I remember thinking, “Well, now this is something!” I don’t have to think only about getting people to stop using artificial contraception. All I have to do is realize and exercise my responsibility as a spiritual Father and a teacher to give couples who are trying to be faithful the support and encouragement they deserve.
Yes, friends, we deserve the joy and the light of the truth, and we want to hear it from one another as an inspiration and encouragement to persevere in faith.
The rejection of Humanae Vitae – particularly by priests, religious and theologians – forty years ago and also today – has been one of the most destructive forces in the Church and the culture. More than the divisive effects this dissent continues to have on Church unity, and the advancement and exaltation of a false notion of human conscience, it has promoted the severing of love from responsibility in millions and millions of human relationships.
The lack of responsibility, meaning and purpose in the practice of sexual intimacy, by-product of contraception, has, in accord with Pope Paul’s intuitions in 1968, caused divorce and abortion to sky-rocket. Marriage has been diminished. Human life has been made optional.
Because of the way we have allowed the all-important unitive and procreative purposes of marriage to be separated from each other, same-sex friends have determined to masquerade as married partners, and scientists have attempted to take over the production of human life itself in the laboratory.
The widespread embrace of birth control, despite the warnings of the Holy Father and the magnificent image of married love which he provided us in his encyclical letter, was arguably the first giant step on the slippery slope whose end is the deep valley of the culture of death.
But, we are not without hope. The freedom God has given us in Jesus Christ is the freedom of the sons and daughters of God our Father. You and I can “choose” life. We can exercise the freedom of the truth, which of course is the only real freedom.

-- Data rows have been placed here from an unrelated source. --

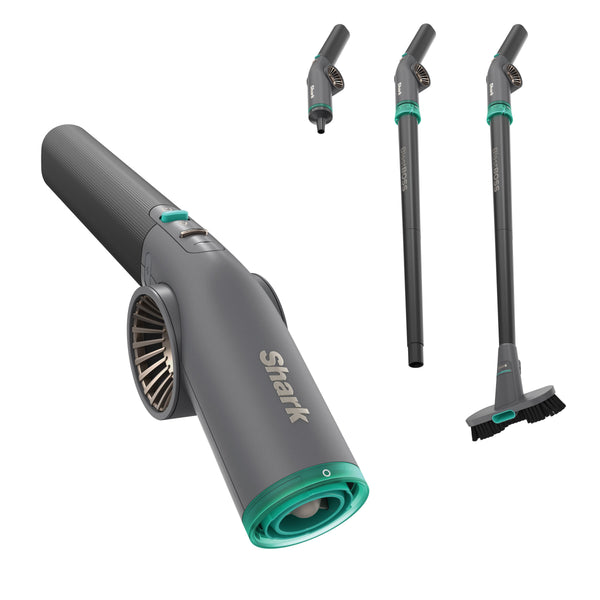 Shark - BlastBoss All-In-One Air Blaster - Charcoal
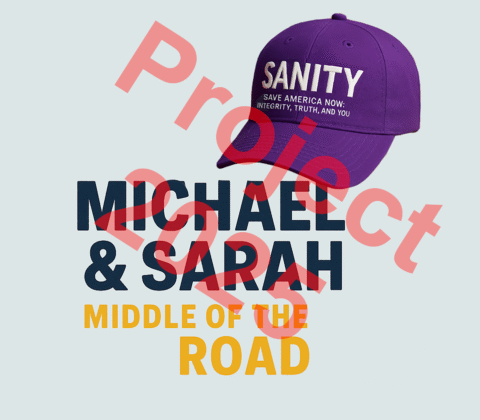 Michael & sarah logo design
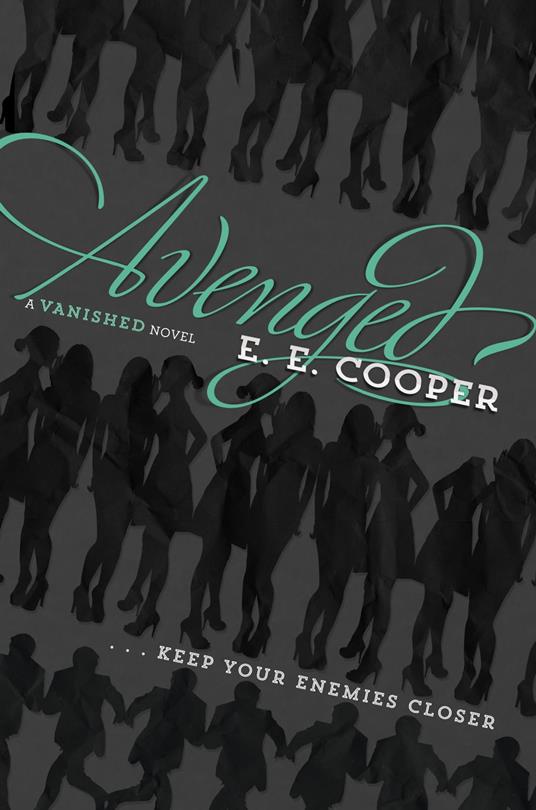 Avenged - E. E. Cooper - ebook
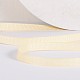 Solid Color Polyester Grosgrain Ribbon SRIB-D014-I-810-2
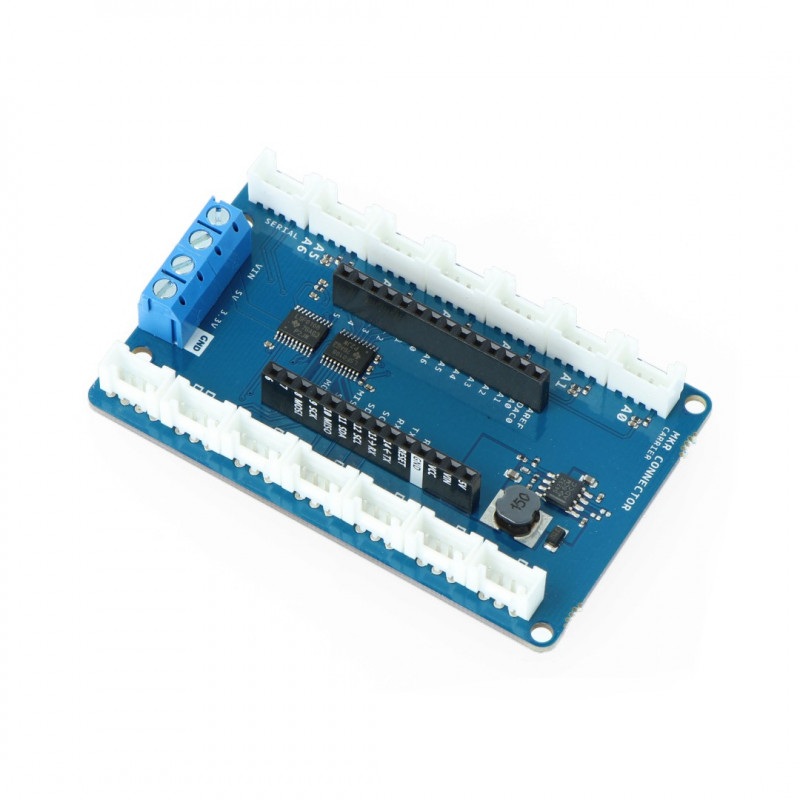 Arduino MKR Connector Carrier (Grove compatible)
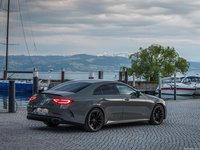 Mercedes-Benz CLS53 AMG 2022 Longsleeve T-shirt #1488583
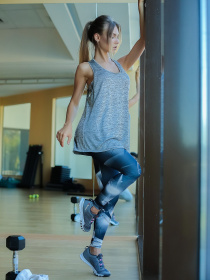 Спортивна майка CARICA модель CF500204 Фото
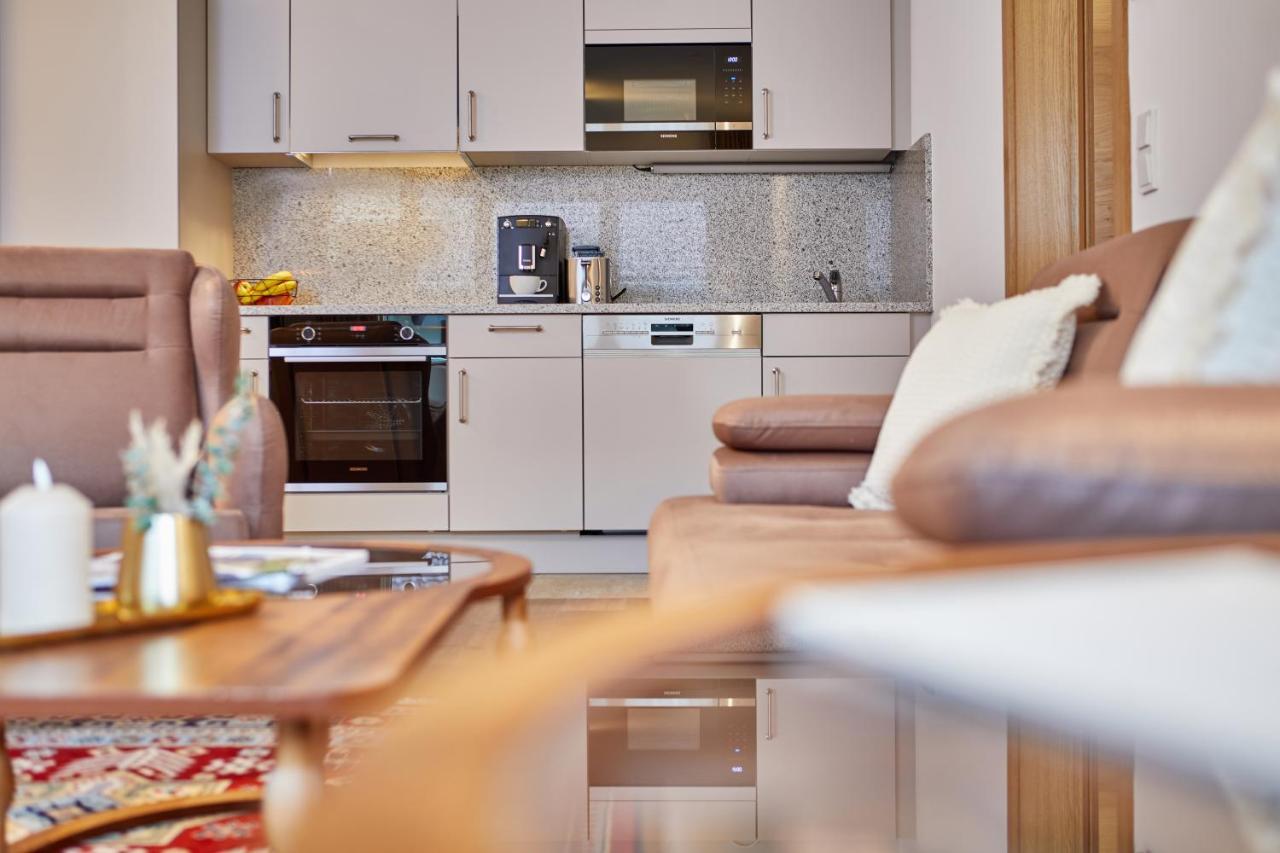 Bader Suites Garmisch-Partenkirchen Zewnętrze zdjęcie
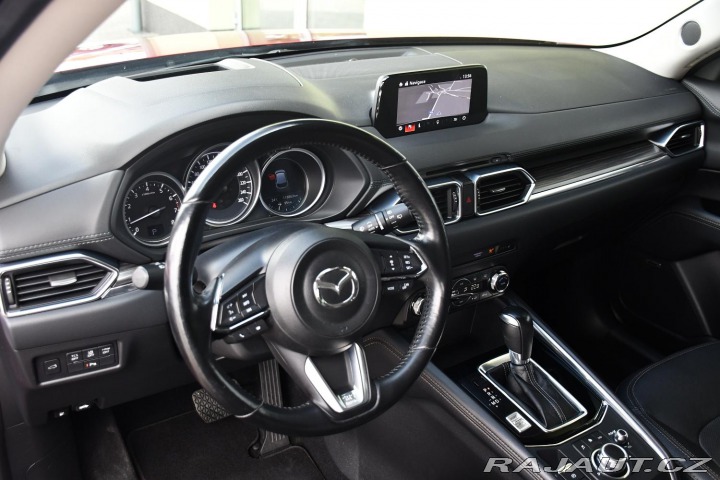 Mazda CX-5 G194 AWD AT REVOLUTION TO 2018
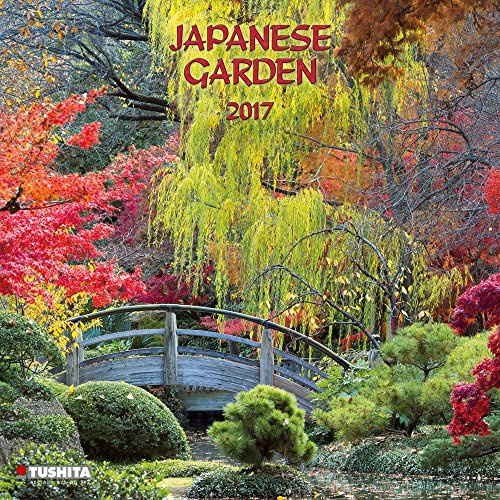 Japanese Garden 2017 Wall Calendar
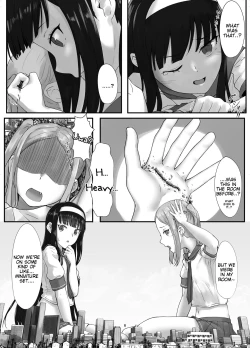 Page 5 of Futari no Dekkai Oshigoto!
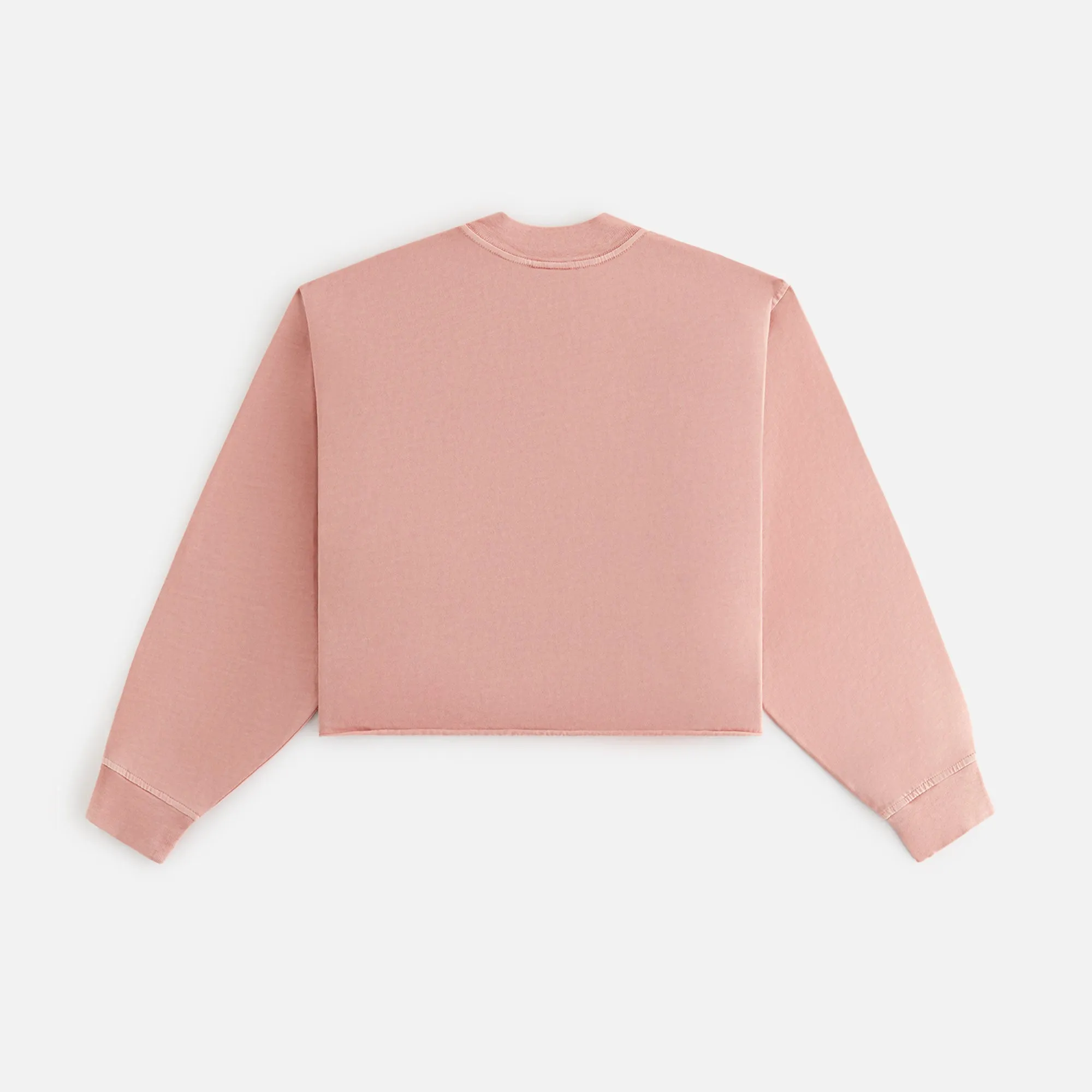 Kith Women Jasper Long Sleeve - French Clay sold by Kith product image thumbnail 4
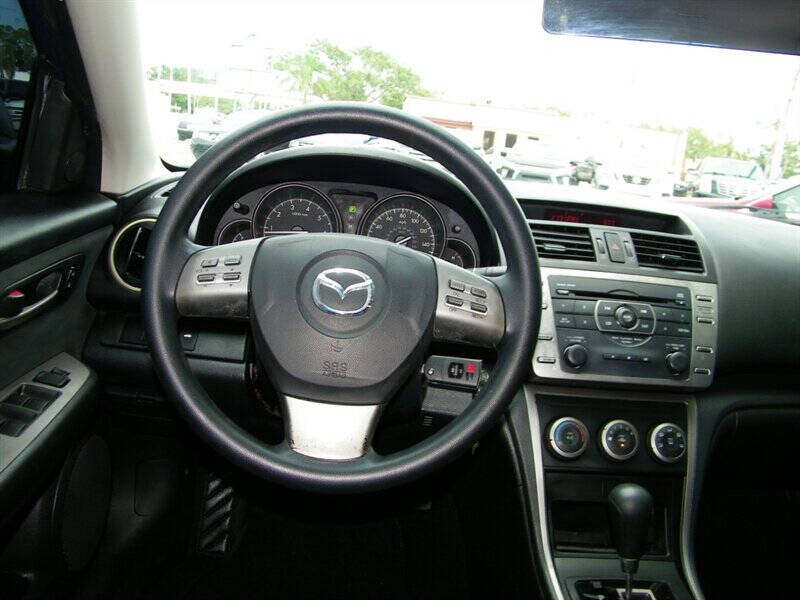 2010 Mazda MAZDA6 i Sport
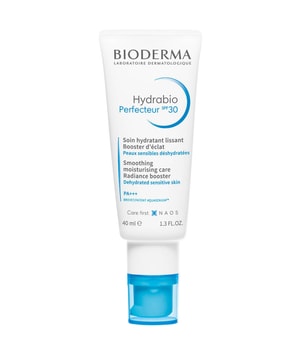 Bioderma Hydrabio Perfecteur SPF 30 - udglattende ansigtscreme med SPF 30, fugtgivende til dehydreret hud Ansigtscreme
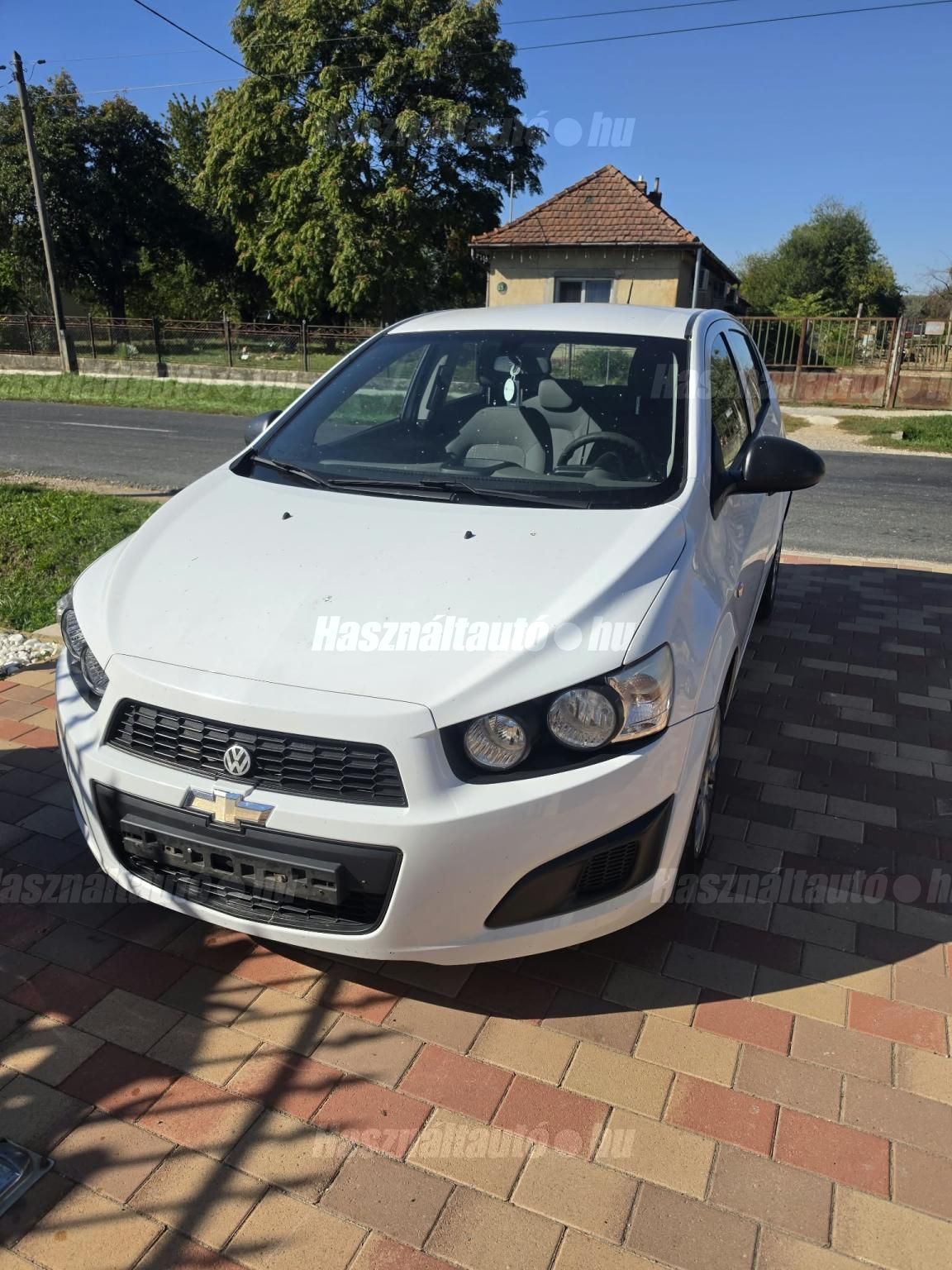 CHEVROLET AVEO 2012/5 - 1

We can choose to trust fully our Mother the Church as she teaches.
We can choose to live marriage faithfully and completely. Husbands and wives can decide to give themselves fully to their spouses – making all their choices together as faith-filled partners and as conscious and willing co-workers with God and His plan for happiness. We can learn the ways to life, freedom and responsibility.
Will there still be the Cross? Yes, Jesus promised it to those who would follow Him. But He has gone before us carrying the Cross through death - to the resurrection. He did this so that we would know, definitively, our final goal and the hope of eternal life.
Dear friends, I want to thank you for your faithfulness to the Church and your determination to work for and protect human life. You are necessary to my work as bishop and you bring me great joy and encouragement. You are instruments for the transformation of the culture. You are leaven: changing your parishes, our diocese, the world around us as Jesus promised you would.
The Solemnity of Mary’s Assumption which we will celebrate on Friday, shows us the dignity that God entrusted to mankind; to a woman and mother. Mary is the greatest human person, the honor of the human race. She is the pattern of the Church come to perfection. She is our hope. She is the star of the New Evangelization, and in this she is lighting our way for the transformation of the culture of death into a civilization of light and life. I entrust you to her and know that if we take her hand she will not fail to lead us – in accord with our vocations – to the fullness of life in Christ. Mother of life, Mother of the Church, intercede for us!